*** Input Section Begins ***

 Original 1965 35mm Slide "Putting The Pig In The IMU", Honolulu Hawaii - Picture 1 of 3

*** Input Section Ends ***
*** Input Section Begins ***

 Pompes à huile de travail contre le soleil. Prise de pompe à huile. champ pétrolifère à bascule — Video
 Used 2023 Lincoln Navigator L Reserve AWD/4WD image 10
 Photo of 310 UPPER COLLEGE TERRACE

*** Input Section Ends ***

■ What the task requires ■
From the records above, reproduce exactly the lines from the one with "Pompes à huile" to the one with "Photo of 310 UPPER COLLEGE TERRACE", both included, and no others.

■ Solution ■
 Pompes à huile de travail contre le soleil. Prise de pompe à huile. champ pétrolifère à bascule — Video
 Used 2023 Lincoln Navigator L Reserve AWD/4WD image 10
 Photo of 310 UPPER COLLEGE TERRACE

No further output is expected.